London-based market maker XTX Markets has confirmed that is has chosen Paris as its European base once the UK departs the European Union.
The firm said in a statement that it had filed an application with the French regulator, Autorité de Contrôle Prudentiel et de Résolution, to operate a regulated company in the French capital. Although it reiterated that its headquarters will remain in London.
XTX Markets added that it will operate its European equities systematic internaliser (SI) out of the new Paris branch, depending on regulatory approval, and will operate as a cross-asset investment firm.
Zar Amrolia, co-CEO of XTX Markets said that the market maker is committed to maintaining and further developing its liquidity provision to clients, exchanges and platforms that are based in the European Union.
“As a leading liquidity provider across asset classes globally, it was important to select a location with a strong regulatory environment within which to operate,” Amrolia added. “The French regulators have been very receptive to having a leading market maker such as XTX establish in France and we look forward to working with them to bring even more transparency and efficiency to markets across Europe.’’
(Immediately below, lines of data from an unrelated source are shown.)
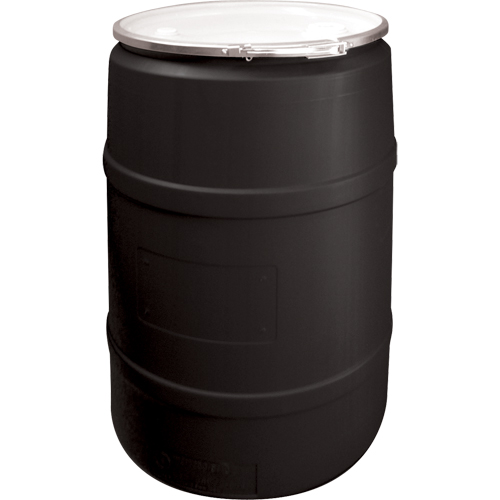Polyethylene Drums, 55 US gal (45 imp. gal.), Open Top, Black Distribution Industrielle GC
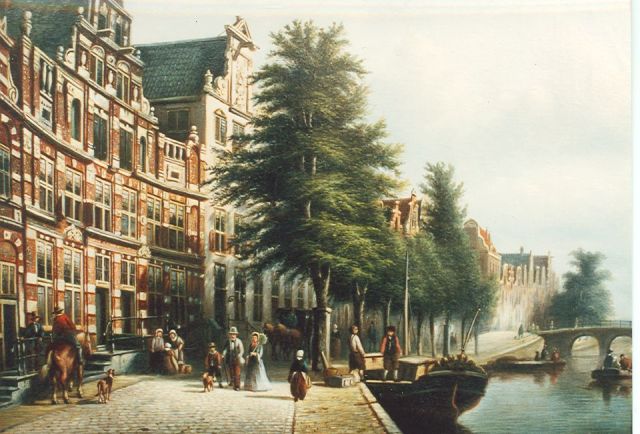 Spohler J.F.  | Amsterdam Herengracht nrs. 170-172, oil on canvas 35.5 x 44.5 cm, gesigneerd r.o. and gedateerd 1879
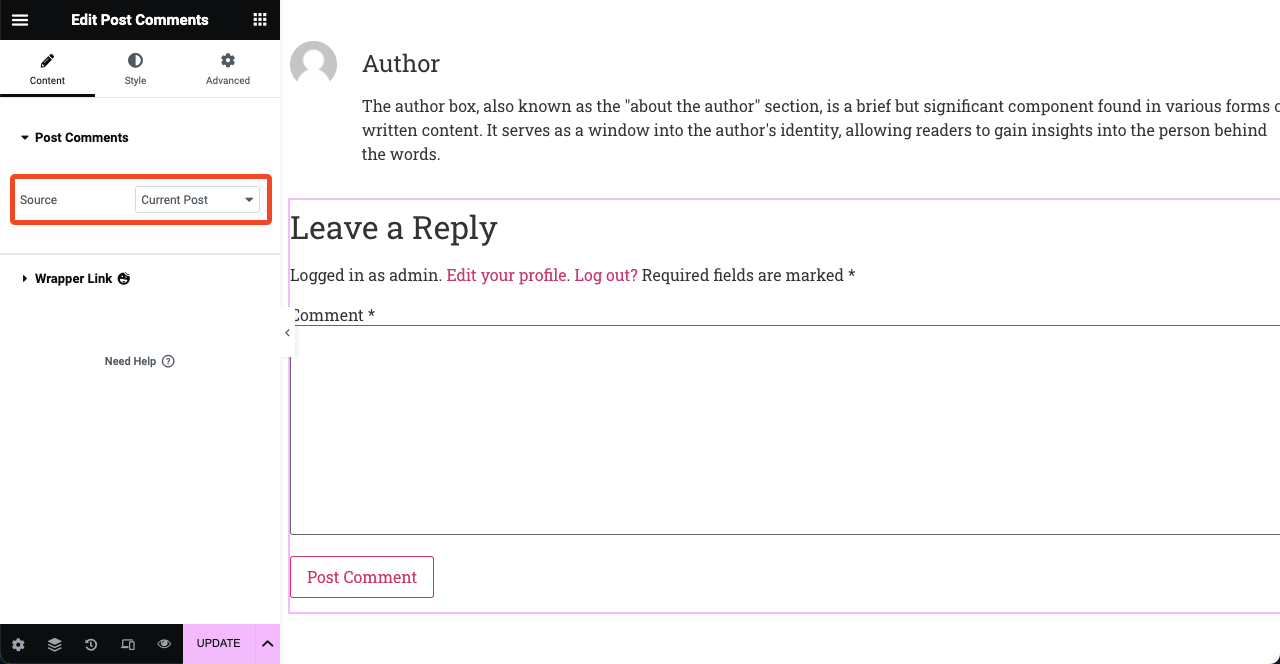 How to Create a Blog Post Template in Elementor Free with HappyAddons 19 Set Source for the Comment Box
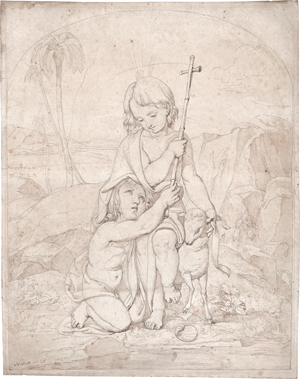 Lot 6788, Auction  125, Nadorp, Franz Johann Heinrich, Christusknabe mit Johannes dem Täufer in einer Landschaft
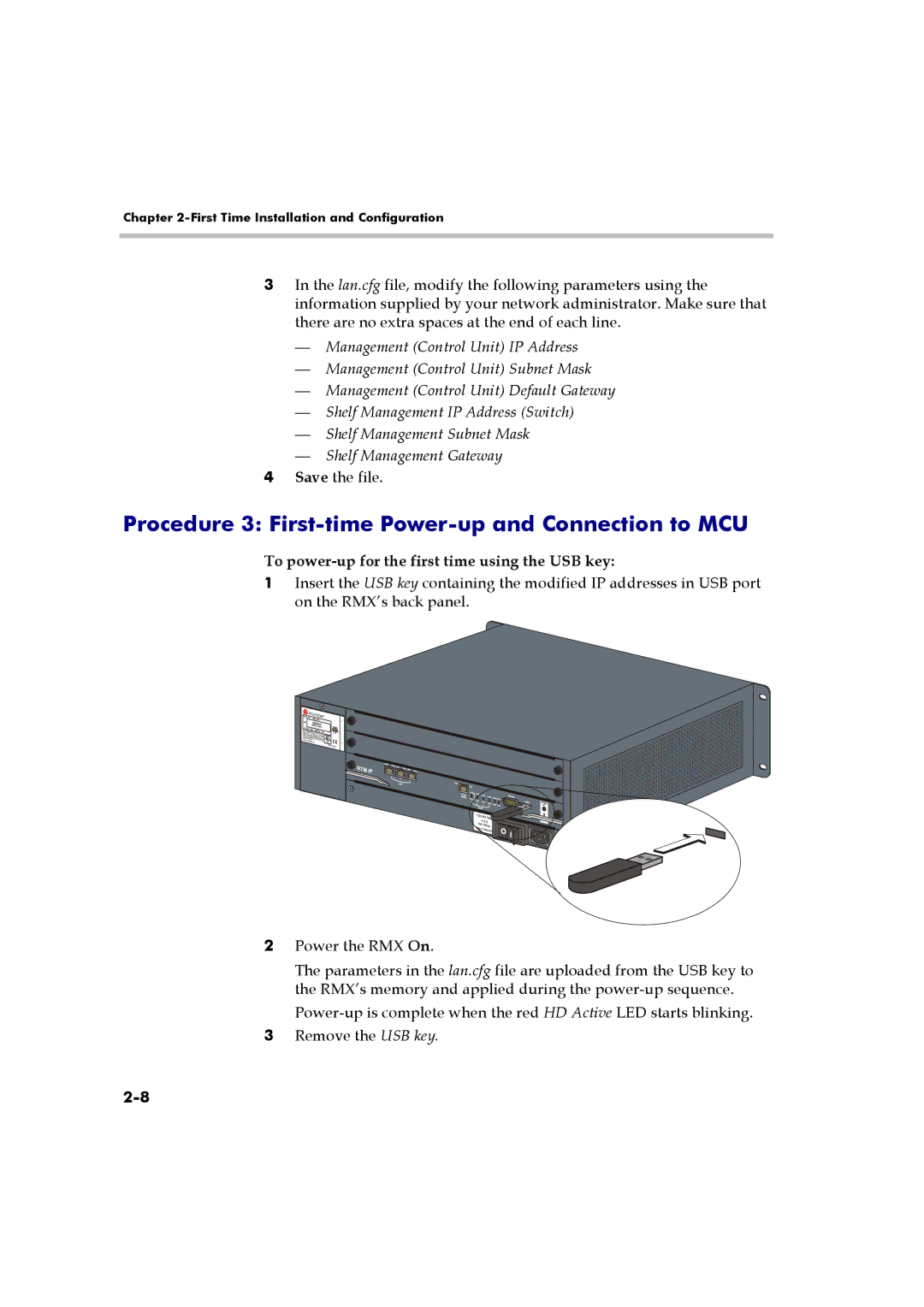 Polycom RMX 2000 Procedure 3 First-time Power-up and Connection to MCU, To power-up for the first time using the USB key 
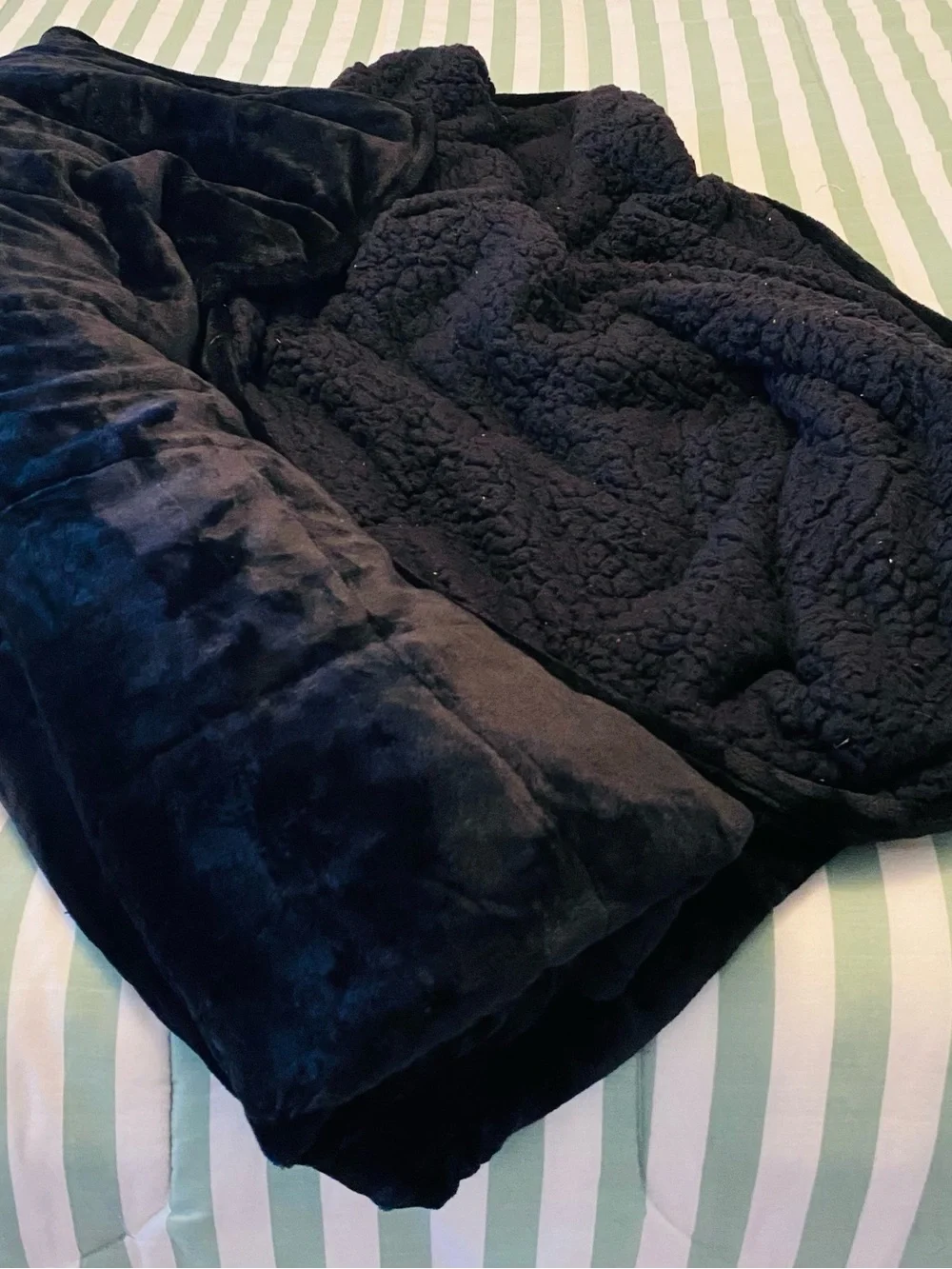Black Weighted Blanket Queen Size. Weighs 15 pounds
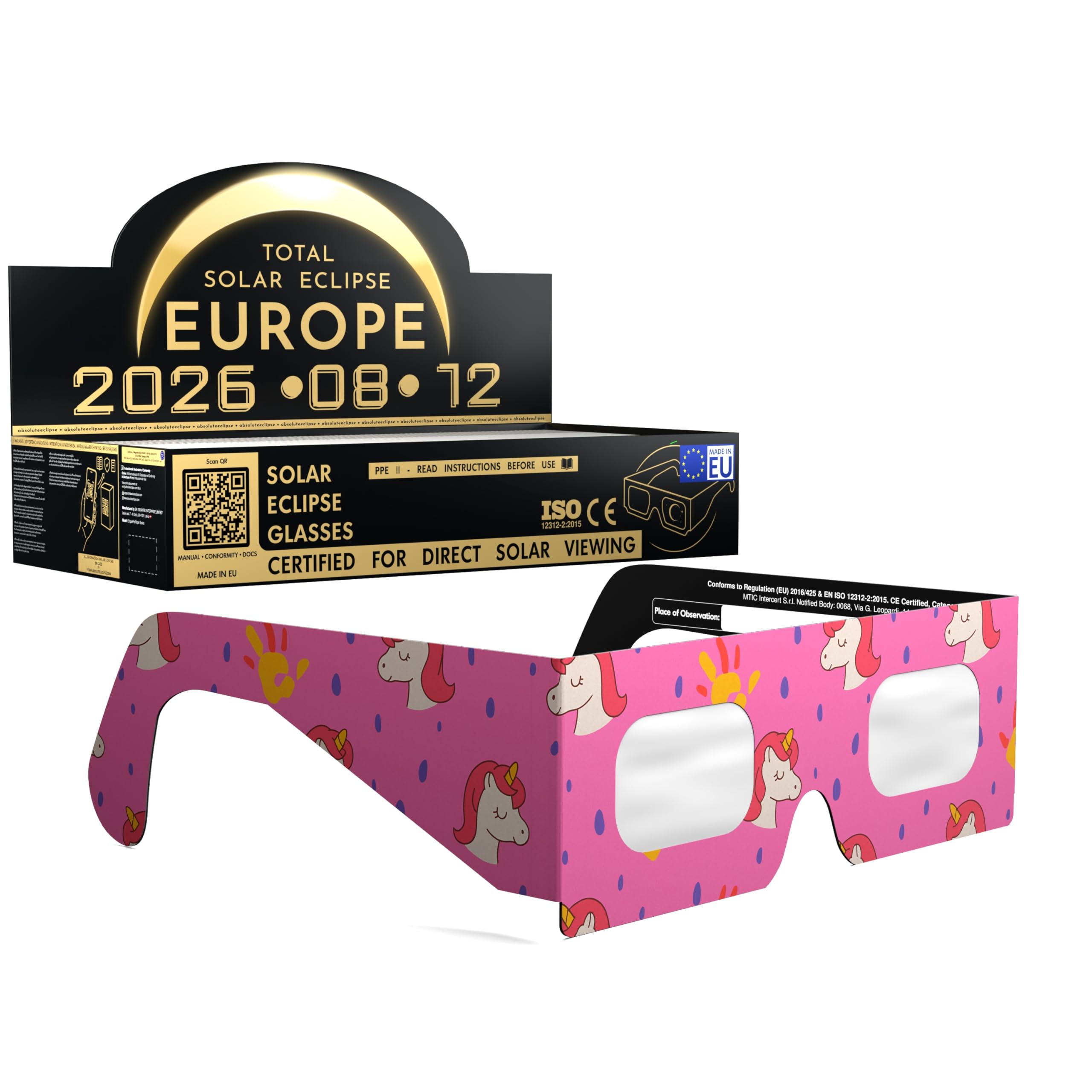 Solar Eclipse Glasses ISO 12312-2 CE Certified | Safe Solar Viewing Glasses UK | Paper Cardboard Frame | Total Solar Eclipse August 2026 | Made in EU | 100 Pack | Unicorns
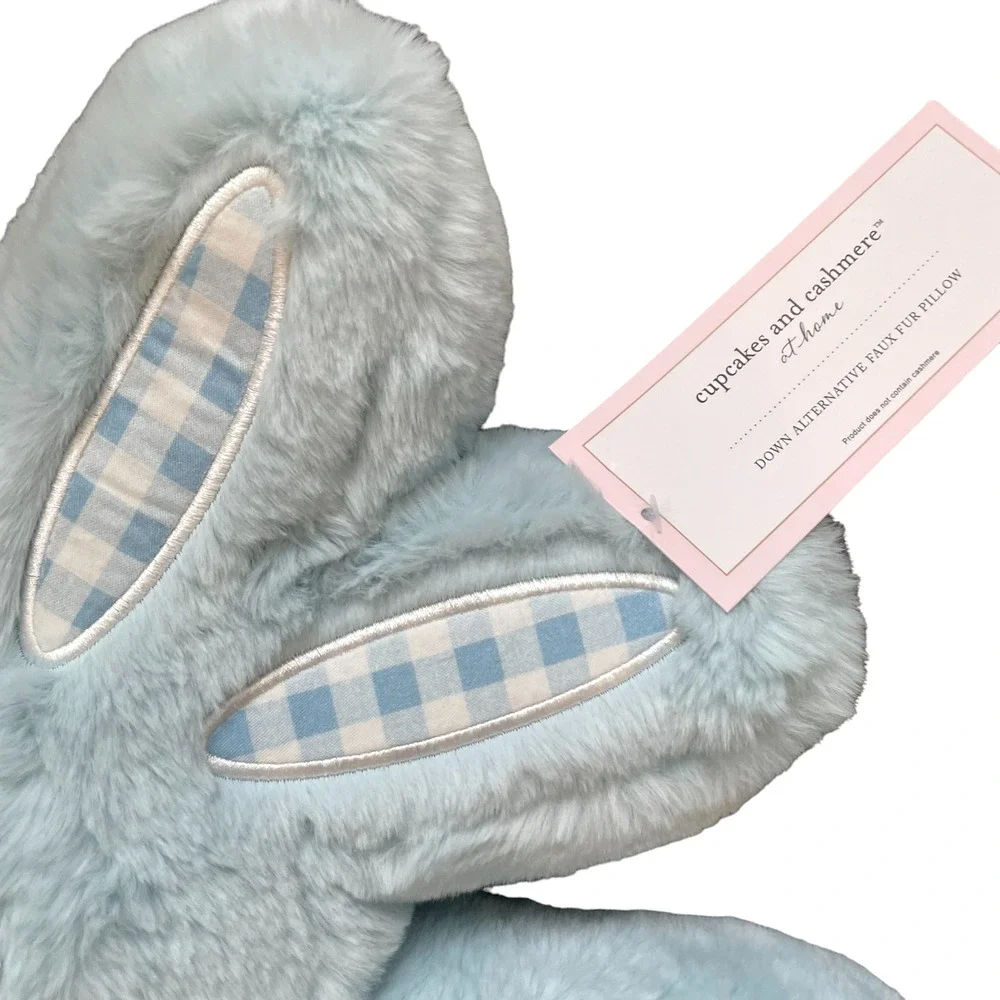 Cupcakes & Cashmere Easter Bunny Rabbit Shaped Accent Pillow Baby Blue New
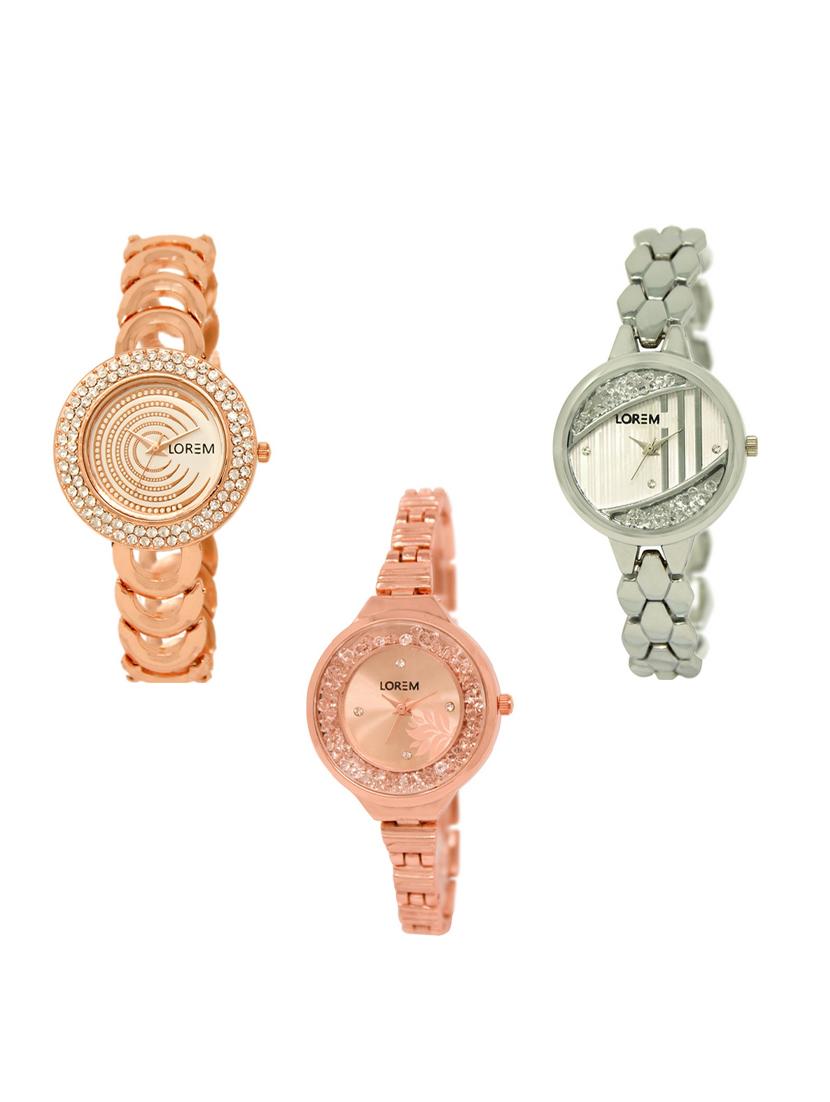 set of 3 round dial analog watch combo -(lk202-223-225) - 15549235 -  Zoom Image - 0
XTX Markets is one of eight market maker systematic internalisers that currently operate in Europe under MiFID II, alongside the likes of Virtu Financial, Citadel Securities and Tower Research Capital Europe.
Research from TABB Group earlier this year showed that market maker – or electronic liquidity provider SI (ELP SI) – executed close to €30 billion in the first quarter of the year, despite hesitance on the buy-side to directly connect to them due to concerns around transparency.
“There is understandably a continued level of cautiousness from the buy-side, brokers and regulators towards this form of execution – and they should remain under close scrutiny in the weeks and months ahead,” the research said.
“However, early evidence suggests that interactions with ELP SIs can offer unique, larger-sized liquidity, with limited market impact. They are a welcome innovation in response to new regulation and emerging technologies, and have a role to play alongside other forms of execution.”